Dev PatelDev Patel8 min read

Your Lambda Bill Is Probably 2x What It Should Be

I audited a fintech company's Lambda spend last quarter. They were running 14 functions processing payment webhooks, each configured with the default 128 MB memory. Their monthly Lambda bill: $4,200. After optimization — memory tuning, ARM migration, and selective provisioned concurrency — they dropped to $1,650/month. That's a 61% reduction.

Most teams set Lambda memory once during development and never touch it again. That's leaving money on the table. Here's exactly how to fix it.

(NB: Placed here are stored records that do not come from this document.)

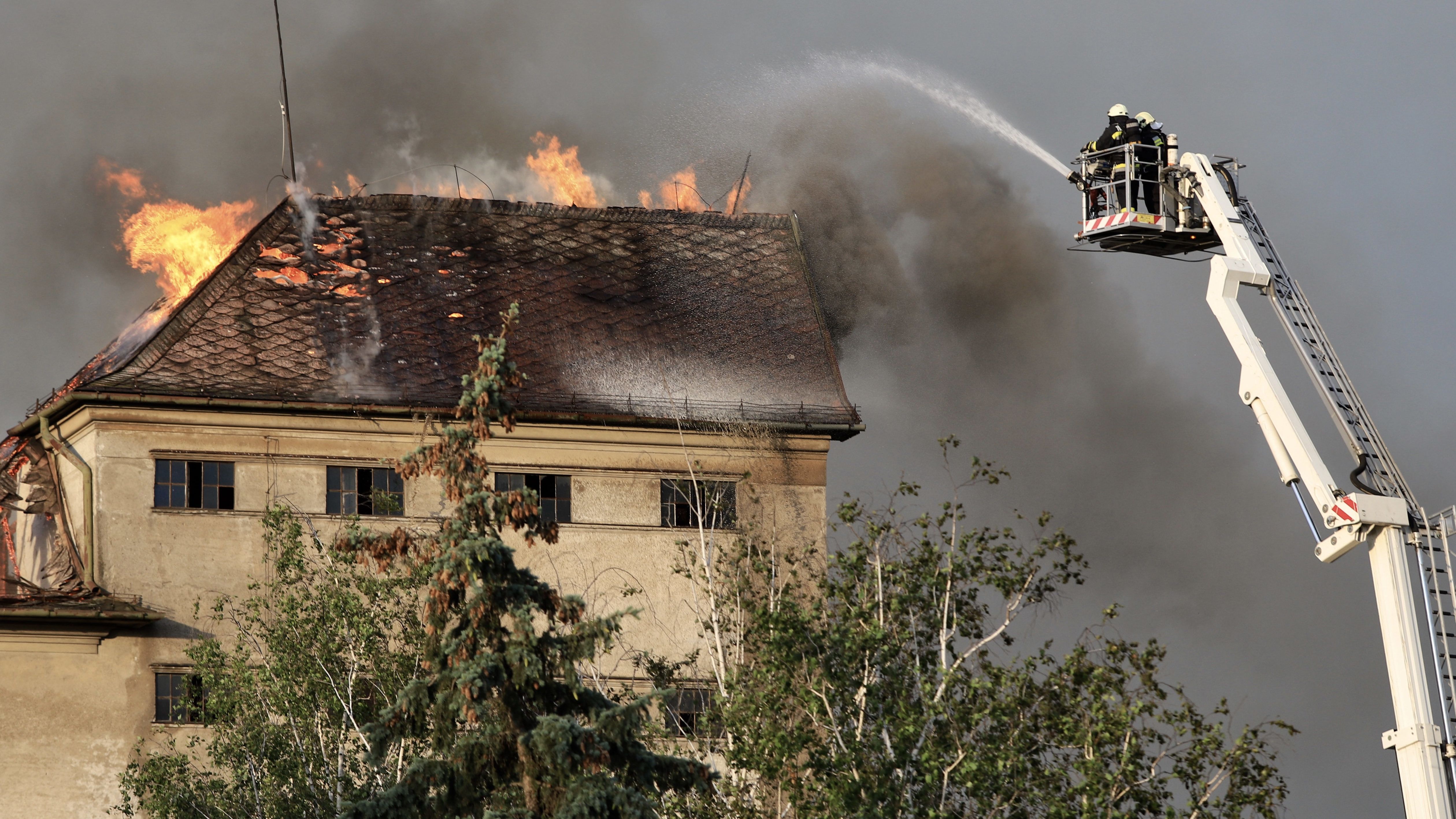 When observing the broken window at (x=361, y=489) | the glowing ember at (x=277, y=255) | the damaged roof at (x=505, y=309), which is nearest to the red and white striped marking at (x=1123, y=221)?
the damaged roof at (x=505, y=309)

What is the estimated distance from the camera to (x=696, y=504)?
31.0 metres

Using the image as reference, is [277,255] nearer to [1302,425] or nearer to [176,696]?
[176,696]

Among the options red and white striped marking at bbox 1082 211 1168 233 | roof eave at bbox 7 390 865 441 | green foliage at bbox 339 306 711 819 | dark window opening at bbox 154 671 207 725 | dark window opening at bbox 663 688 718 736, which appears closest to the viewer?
green foliage at bbox 339 306 711 819

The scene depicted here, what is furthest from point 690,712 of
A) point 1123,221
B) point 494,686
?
point 494,686

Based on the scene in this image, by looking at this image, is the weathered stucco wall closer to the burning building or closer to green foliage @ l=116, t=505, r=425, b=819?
the burning building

Understanding Lambda Pricing

Lambda charges on two axes: requests and duration. Duration is where the money hides.

Pricing Componentx86 PriceARM (Graviton2) PriceSavings
Requests (per 1M)$0.20$0.200%
Duration (per GB-second)$0.0000166667$0.000013333420%
Provisioned Concurrency (per GB-hour)$0.0000041667$0.000003333420%

The key insight: Lambda bills per millisecond of GB-seconds. A 128 MB function running for 1,000 ms costs the same as a 1,024 MB function running for 125 ms. But here's the thing — more memory means more CPU, and more CPU often means proportionally faster execution.

Step 1: Memory Tuning with AWS Lambda Power Tuning

The single highest-ROI optimization. AWS provides an open-source tool that tests your function at every memory configuration and finds the sweet spot.

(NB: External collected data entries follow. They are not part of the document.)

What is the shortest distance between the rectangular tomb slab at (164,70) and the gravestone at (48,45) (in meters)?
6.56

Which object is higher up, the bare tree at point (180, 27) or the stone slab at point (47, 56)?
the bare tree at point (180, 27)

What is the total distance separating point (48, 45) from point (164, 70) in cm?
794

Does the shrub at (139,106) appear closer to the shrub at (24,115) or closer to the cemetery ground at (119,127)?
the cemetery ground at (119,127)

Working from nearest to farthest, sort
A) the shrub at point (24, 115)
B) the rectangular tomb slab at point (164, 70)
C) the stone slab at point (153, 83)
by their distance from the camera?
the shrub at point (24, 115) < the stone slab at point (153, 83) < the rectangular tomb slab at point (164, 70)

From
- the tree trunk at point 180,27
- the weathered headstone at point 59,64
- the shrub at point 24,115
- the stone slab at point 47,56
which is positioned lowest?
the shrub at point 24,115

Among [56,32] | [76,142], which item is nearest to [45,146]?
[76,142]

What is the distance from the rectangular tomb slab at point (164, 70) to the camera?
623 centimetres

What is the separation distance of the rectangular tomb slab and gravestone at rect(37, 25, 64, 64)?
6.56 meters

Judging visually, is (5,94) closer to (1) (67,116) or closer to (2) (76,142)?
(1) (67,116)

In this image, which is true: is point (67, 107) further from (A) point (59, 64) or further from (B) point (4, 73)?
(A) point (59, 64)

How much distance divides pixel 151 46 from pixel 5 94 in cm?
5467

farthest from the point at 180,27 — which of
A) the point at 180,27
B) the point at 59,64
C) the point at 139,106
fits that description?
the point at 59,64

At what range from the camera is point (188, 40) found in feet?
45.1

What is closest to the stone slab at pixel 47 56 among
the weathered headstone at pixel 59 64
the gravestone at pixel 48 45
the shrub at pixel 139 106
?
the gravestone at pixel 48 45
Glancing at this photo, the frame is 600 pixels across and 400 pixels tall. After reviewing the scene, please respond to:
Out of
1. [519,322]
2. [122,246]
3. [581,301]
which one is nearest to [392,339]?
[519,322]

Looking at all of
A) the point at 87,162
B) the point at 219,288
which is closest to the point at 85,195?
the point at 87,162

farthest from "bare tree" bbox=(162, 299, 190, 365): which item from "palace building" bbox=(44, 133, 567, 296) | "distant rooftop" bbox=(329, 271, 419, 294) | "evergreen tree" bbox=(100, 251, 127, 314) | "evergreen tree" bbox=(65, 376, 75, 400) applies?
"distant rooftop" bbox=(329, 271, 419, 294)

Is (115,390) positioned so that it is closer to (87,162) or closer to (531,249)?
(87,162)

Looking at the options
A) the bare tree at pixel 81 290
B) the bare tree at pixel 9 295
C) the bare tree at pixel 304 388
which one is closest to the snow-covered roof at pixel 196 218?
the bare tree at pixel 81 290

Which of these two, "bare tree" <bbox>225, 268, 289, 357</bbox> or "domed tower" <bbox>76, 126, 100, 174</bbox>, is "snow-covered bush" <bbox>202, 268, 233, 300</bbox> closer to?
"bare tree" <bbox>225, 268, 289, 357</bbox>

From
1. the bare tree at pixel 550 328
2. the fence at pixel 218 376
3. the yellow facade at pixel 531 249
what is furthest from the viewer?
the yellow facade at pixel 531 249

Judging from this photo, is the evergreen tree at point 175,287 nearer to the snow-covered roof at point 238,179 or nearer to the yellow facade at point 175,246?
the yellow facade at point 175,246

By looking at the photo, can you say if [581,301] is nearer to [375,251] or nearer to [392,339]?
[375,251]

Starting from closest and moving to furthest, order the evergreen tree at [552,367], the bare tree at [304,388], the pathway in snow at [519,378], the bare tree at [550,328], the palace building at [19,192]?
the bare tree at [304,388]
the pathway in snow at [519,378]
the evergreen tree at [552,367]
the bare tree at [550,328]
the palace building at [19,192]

Deploy the Power Tuning Tool

# Deploy via AWS SAR (Serverless Application Repository)
aws serverlessrepo create-cloud-formation-change-set \
  --application-id arn:aws:serverlessrepo:us-east-1:451282441545:applications/aws-lambda-power-tuning \
  --stack-name lambda-power-tuning \
  --capabilities CAPABILITY_IAM

# Or deploy via SAM
git clone https://github.com/alexcasalboni/aws-lambda-power-tuning.git
cd aws-lambda-power-tuning
sam build && sam deploy --guided

Run a Power Tuning Test

# Start the Step Functions execution
aws stepfunctions start-execution \
  --state-machine-arn arn:aws:states:us-east-1:123456789012:stateMachine:powerTuningStateMachine \
  --input '{
    "lambdaARN": "arn:aws:lambda:us-east-1:123456789012:function:payment-processor",
    "powerValues": [128, 256, 512, 1024, 1536, 2048, 3008],
    "num": 50,
    "payload": {"orderId": "test-123", "amount": 99.99},
    "parallelInvocation": true,
    "strategy": "cost"
  }'

Real Results: Payment Processor Function

Here's what the power tuning output looked like for a payment processing function:

Memory (MB)Avg Duration (ms)Cost per InvocationMonthly Cost (2M invocations)
1282,340$0.0000487$97.40
2561,180$0.0000491$98.20
512620$0.0000516$103.20
1024340$0.0000566$113.20
1536210$0.0000525$105.00
2048155$0.0000410$82.00
3008148$0.0000575$115.00

The sweet spot was 2048 MB — not 128 MB. The function ran 15x faster and cost 16% less. This is counterintuitive but common: at higher memory, Lambda allocates proportionally more CPU, and CPU-bound functions complete so much faster that the total GB-seconds actually drops.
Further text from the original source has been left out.